_WHAT TO PRODUCE_
Please return all records verbatim, no pictures.

(Data items)
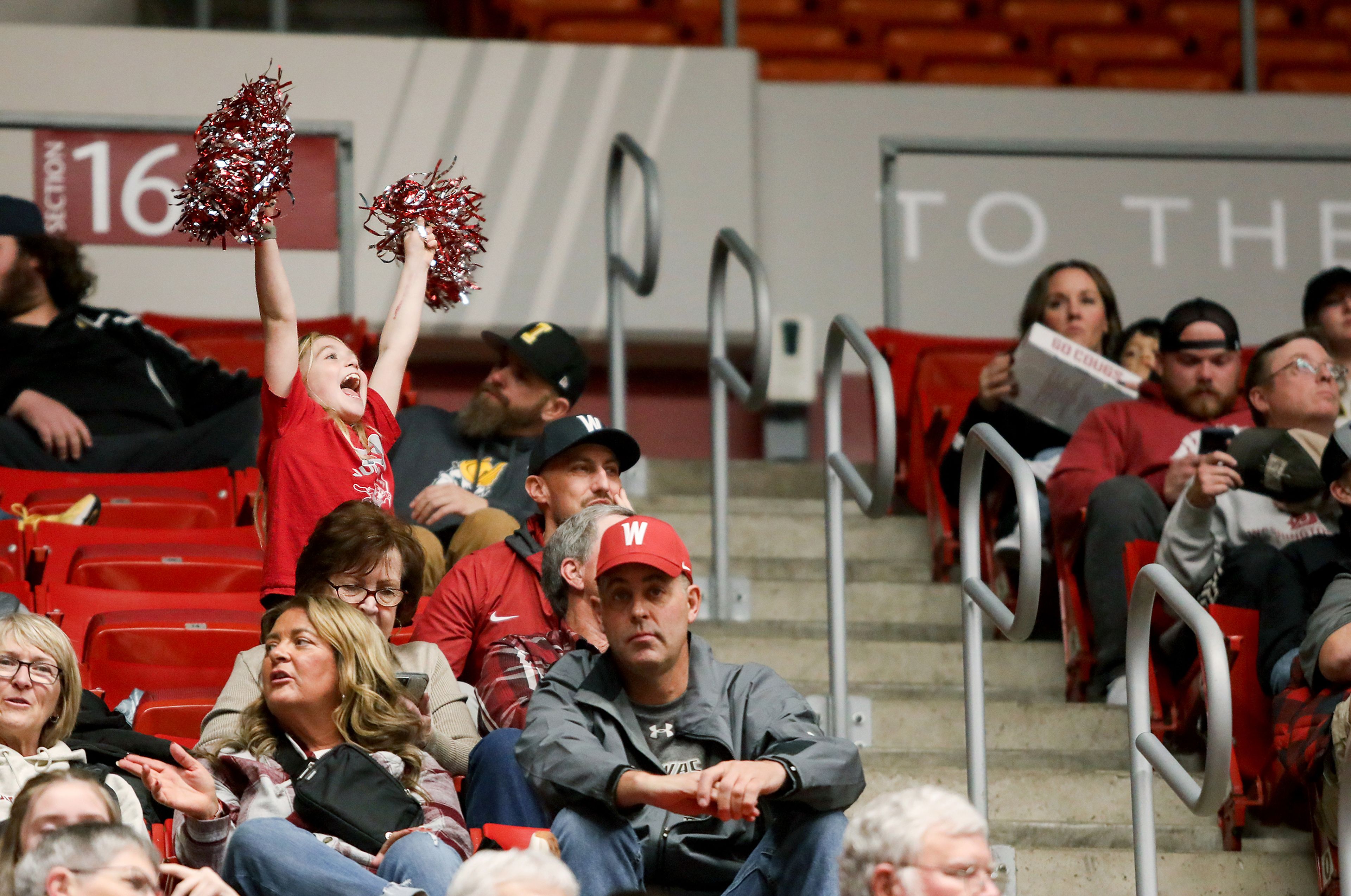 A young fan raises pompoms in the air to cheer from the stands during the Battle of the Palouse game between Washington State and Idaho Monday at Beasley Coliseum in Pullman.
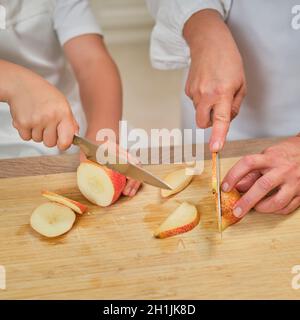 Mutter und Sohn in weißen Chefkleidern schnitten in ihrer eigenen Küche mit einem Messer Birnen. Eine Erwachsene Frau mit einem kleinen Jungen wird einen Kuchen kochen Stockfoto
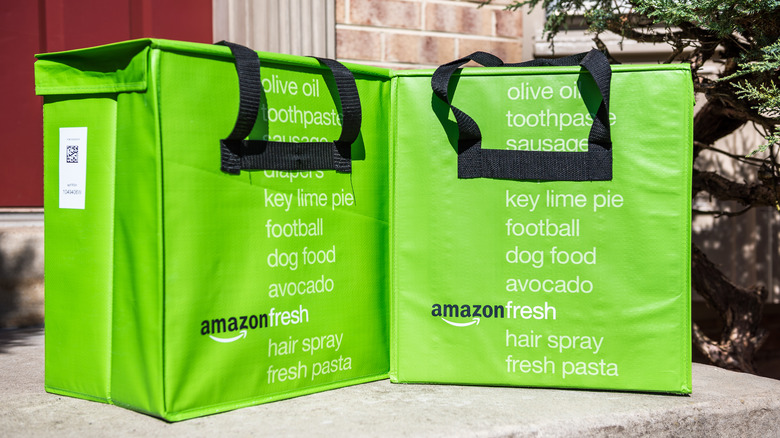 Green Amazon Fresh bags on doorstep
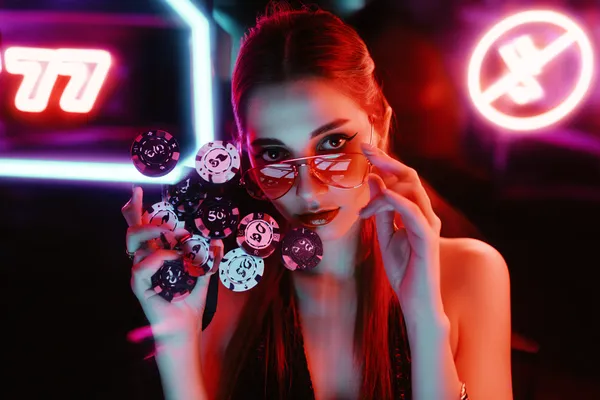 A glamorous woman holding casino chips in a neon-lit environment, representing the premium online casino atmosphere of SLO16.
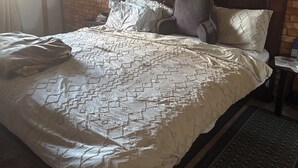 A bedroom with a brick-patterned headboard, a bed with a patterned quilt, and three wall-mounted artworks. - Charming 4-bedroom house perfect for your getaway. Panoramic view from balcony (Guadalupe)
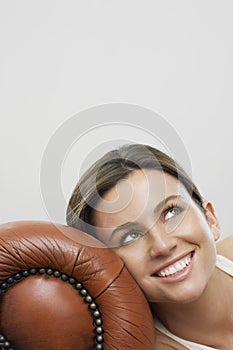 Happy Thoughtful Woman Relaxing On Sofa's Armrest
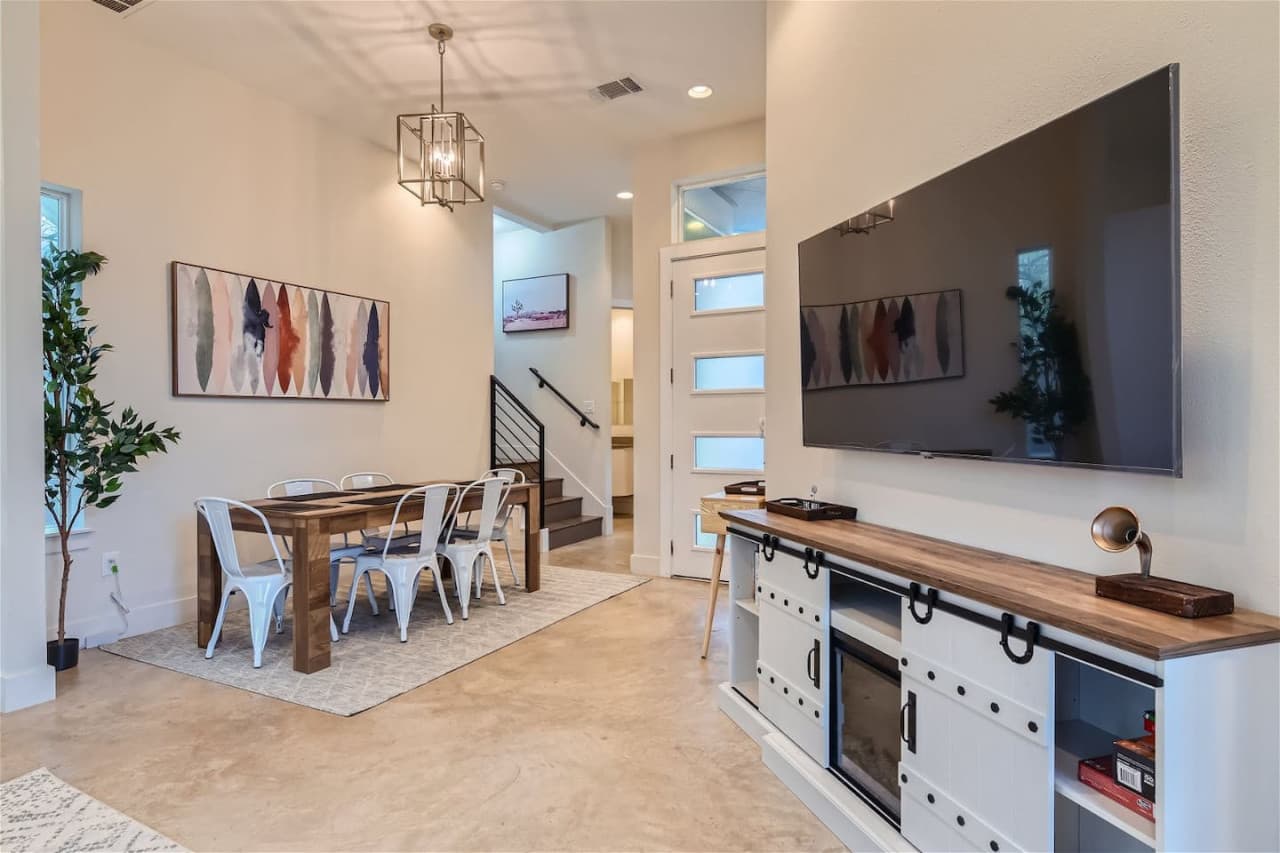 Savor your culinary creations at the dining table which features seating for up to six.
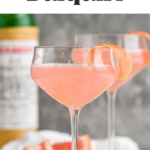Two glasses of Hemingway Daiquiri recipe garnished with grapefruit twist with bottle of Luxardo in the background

_SOLUTION TO THE EXERCISE_
 A young fan raises pompoms in the air to cheer from the stands during the Battle of the Palouse game between Washington State and Idaho Monday at Beasley Coliseum in Pullman.
 Mutter und Sohn in weißen Chefkleidern schnitten in ihrer eigenen Küche mit einem Messer Birnen. Eine Erwachsene Frau mit einem kleinen Jungen wird einen Kuchen kochen Stockfoto
 Green Amazon Fresh bags on doorstep
 A glamorous woman holding casino chips in a neon-lit environment, representing the premium online casino atmosphere of SLO16.
 A bedroom with a brick-patterned headboard, a bed with a patterned quilt, and three wall-mounted artworks. - Charming 4-bedroom house perfect for your getaway. Panoramic view from balcony (Guadalupe)
 Happy Thoughtful Woman Relaxing On Sofa's Armrest
 Savor your culinary creations at the dining table which features seating for up to six.
Two glasses of Hemingway Daiquiri recipe garnished with grapefruit twist with bottle of Luxardo in the background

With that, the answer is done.